Exercise instructions ▸
The reply should contain only the lines from the start of the records through the line with "Понад 10 модифікацій: військові", reproduced verbatim and without pictures.

[Crawled caption data]
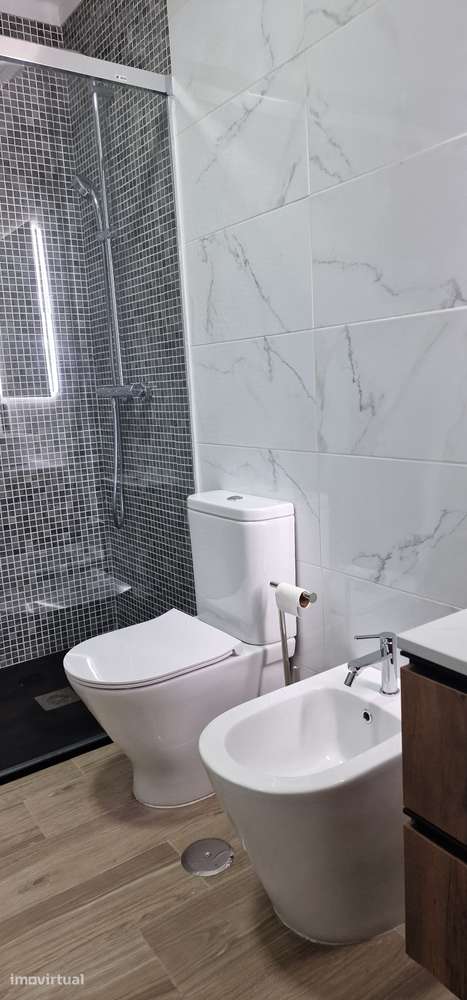 Excelente Quarto com Varanda privada junto do Bragaparque - Grande imagem: 5/12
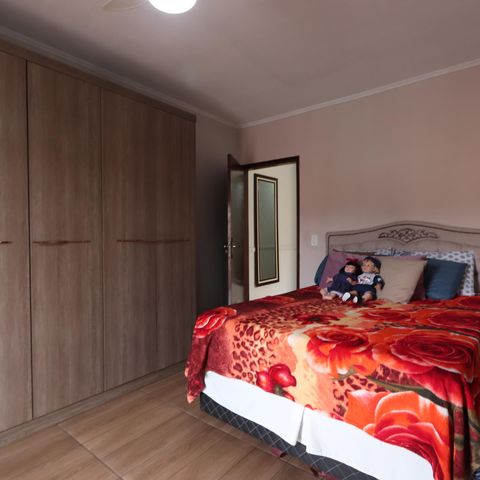 Casa à venda com 200m², 3 quartos e 8 vagasSuíte 1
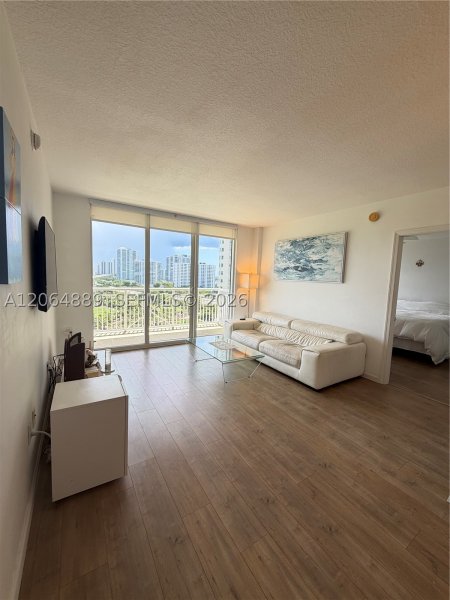 Alquiler de apartamento en Turnberry On The Green 1215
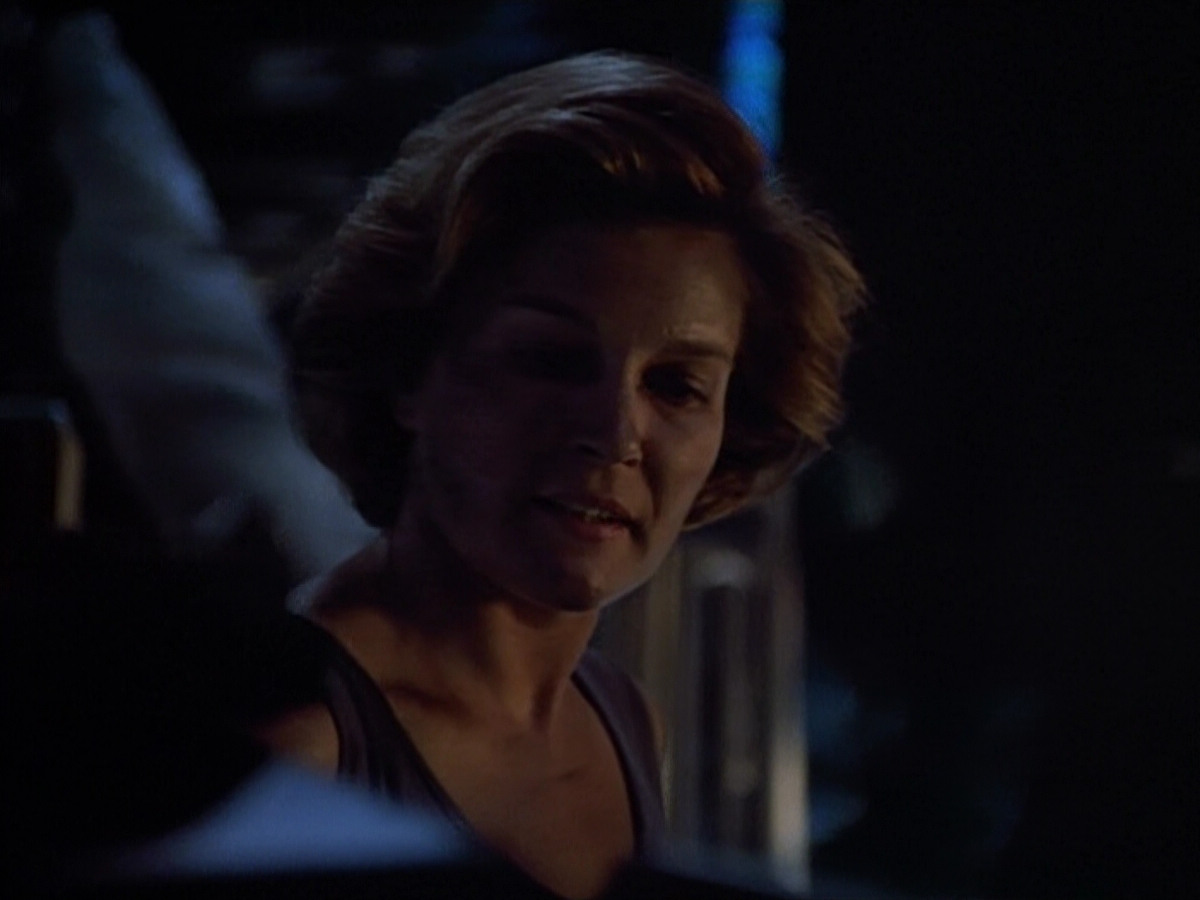 extant_StarTrek_VOY_4x09-YearOfHellPart2_03248.jpg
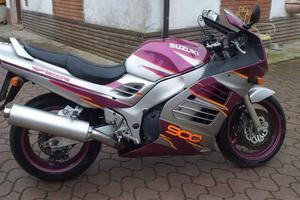 Suzuki RF 900 Rs2
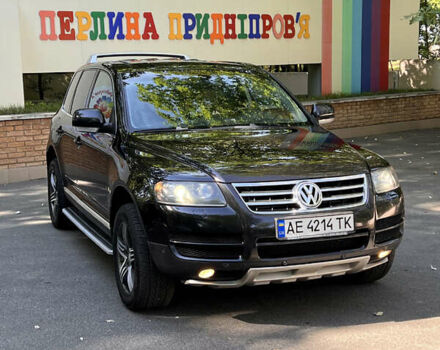 Чорний Фольксваген Туарег, об'ємом двигуна 3 л та пробігом 280 тис. км за 11000 $, фото 16 на Automoto.ua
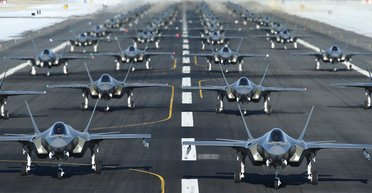 Понад 10 модифікацій: військові розповіли, чому існує так багато версій винищувачів F-35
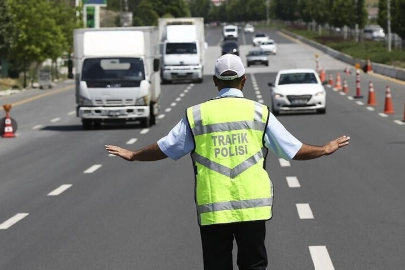 İstanbul'da 3 ilçede bugün ve yarın bazı yollar trafiğe kapatılacak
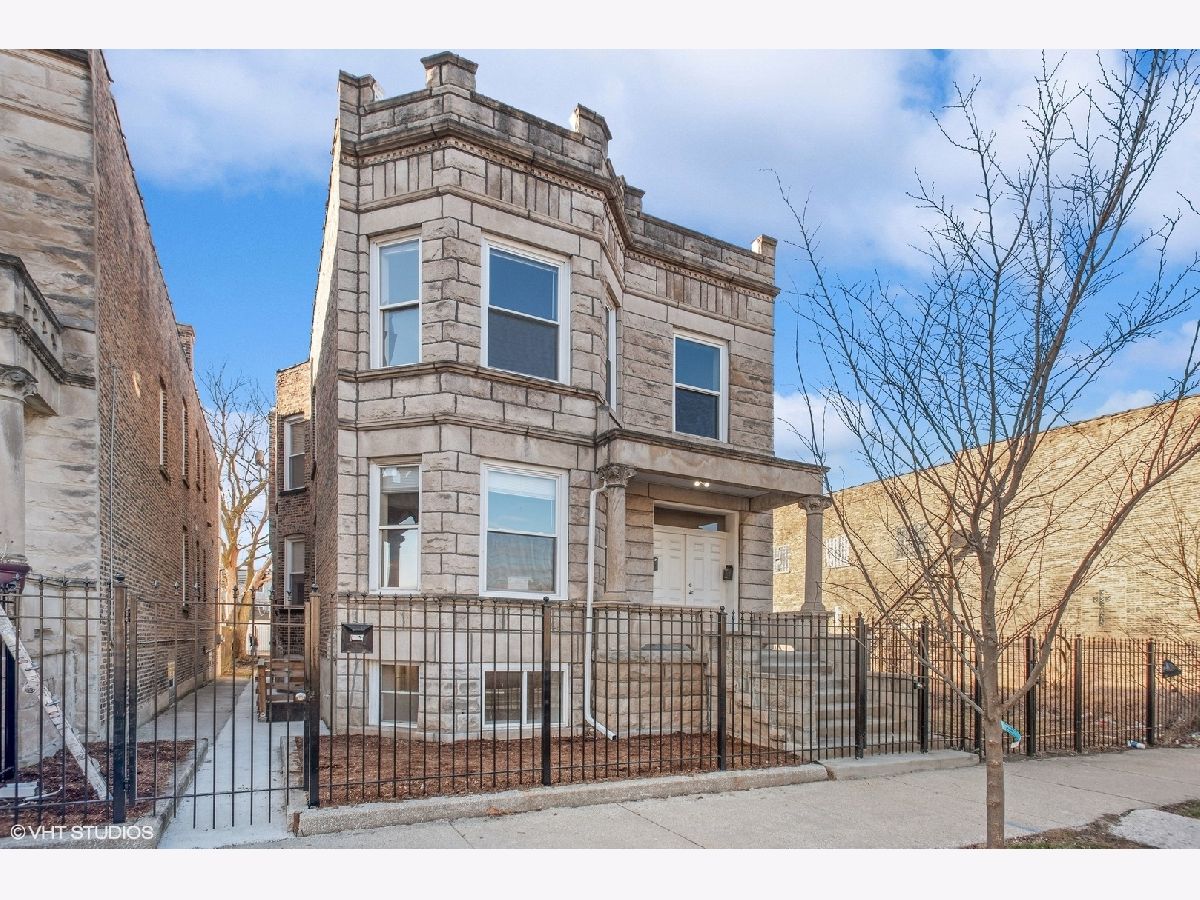  For Sale Chicago Illinois, 1510 Drake Avenue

Exercise response ▸
 Excelente Quarto com Varanda privada junto do Bragaparque - Grande imagem: 5/12
 Casa à venda com 200m², 3 quartos e 8 vagasSuíte 1
 Alquiler de apartamento en Turnberry On The Green 1215
 extant_StarTrek_VOY_4x09-YearOfHellPart2_03248.jpg
 Suzuki RF 900 Rs2
 Чорний Фольксваген Туарег, об'ємом двигуна 3 л та пробігом 280 тис. км за 11000 $, фото 16 на Automoto.ua
 Понад 10 модифікацій: військові розповіли, чому існує так багато версій винищувачів F-35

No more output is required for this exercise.